A conti fatti ogni linea trasmetterà a 3,3Mb/s, poco più della metà rispetto al Throughput teorico precedente calcolato per una connessione singola. Senza neanche accorgercene siamo arrivati ad un quarto della velocità dichiarata dal produttore utilizzando semplicemente due connessioni spinte al loro limite massimo. Ma non è ancora tutto, infatti il risultato più sorprendente lo si scopre andando a studiare la situazione in cui una stazione comunica con due terminali con velocità diverse. Prendiamo per esempio un terminale che comunica a 11Mb/s e uno che comunica a 2Mb/s, la struttura della trama rimane identica al caso precedente e, per gli stessi ragionamenti, anche i throughput dei due terminali saranno identici ed in particolare saranno:
Il risultato è sbalorditivo, sia il terminale a 11 Mb/s che il terminale a 2Mb/s hanno un throughput risultante di soli 1,39Mb/s. Questo risultato ci porta alla drammatica conseguenza che, in caso di connessioni multiple, il throughput è sempre limitato dal terminale più lento. Il problema è che il protocollo 802.11 è stato pensato per dare le stesse opportunità di accesso al canale a tutte le connessioni, indipendentemente dalla loro velocità.

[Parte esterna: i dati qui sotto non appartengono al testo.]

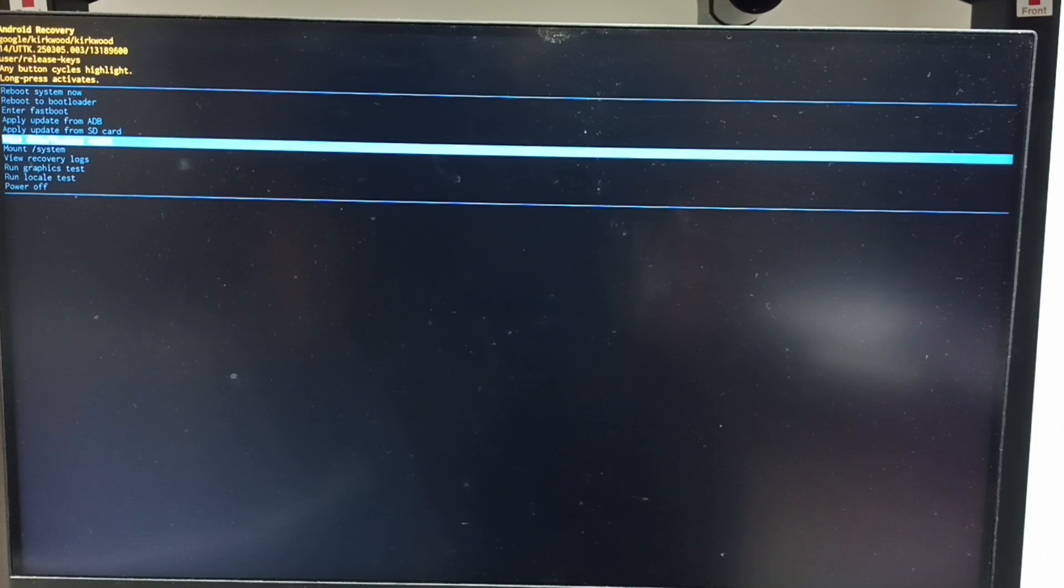Then release the power button. Now we can see two options: cancel or factory data reset. Using the power button, set factory data reset, then long press the power button to confirm this selection, then release the power button.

Naturalmente se questo problema è parzialmente risolvibile in ambito domestico, non lo è nelle Wi-Fi pubbliche, quelle presenti nelle biblioteche o nelle università, dove, a fronte di una buona connessione e di access point all’avanguardia, il throughput finale verrà comunque limitato dal terminale più lento connesso in quel momento alla rete.
Cosa ci riserva il futuro
Gli standard 802.11a,b,g soffrono tutti alla stesso modo i problemi fin qui descritti. Un grosso passo in avanti è stato fatto con il nuovo, e purtroppo ancora poco diffuso, protocollo 802.11n dove con vari accorgimenti si sono potuti arginare, con più o meno efficacia, i vari problemi riscontrati. I principali passi in avanti sono stati tre:
L’utilizzo di un array di antenne al posto di una singola che ha portato ad un significativo aumento del DataRate, dai 54Mb/s si è passati ai 300Mb/s.
Una diversa gestione delle priorità di accesso al canale, chiamata “Airtime Fairness” dove viene dato più spazio sul canale alle connessioni più veloci, evitando così che le connessioni più lente limitino il throughput di quelle più veloci.
L’utilizzo di una nuova banda a 5GHz, oltre la vecchia a 2.4GHz. Sebbene la nuova banda risenta di meno interferenze c’è da ricordare che, a parità di potenza, all’aumentare dei GHz diminuisce considerevolmente il campo coperto.
Purtroppo i dispositivi 802.11a,b,g sono tutt’oggi la stragrande maggioranza e ancora troppi pochi sono quelli a supportare il protocollo 802.11n, ancor meno quelli che supportano anche il canale a 5GHz.
Uno sguardo alle reti HSDPA
Naturalmente anche la connessione HSDPA usata dai cellulari come tutte le connessioni senza fili, pur utilizzando protocolli differenti, presentano gli stessi tipi di problemi affrontati in questo articolo. Quindi, quando comprate una internetkey, o uno smartphone, che garantisce una connessione HSDPA a 7,2Mb/s o più, sappiate che quello è solo il DataRate massimo, il Throughput, nella migliore delle situazioni, non andrà oltre il 25/30%.
Non prendetevela con le varie Wind, Vodafone, 3, ma piuttosto con gli ingegneri che non hanno saputo trovare un protocollo più efficiente.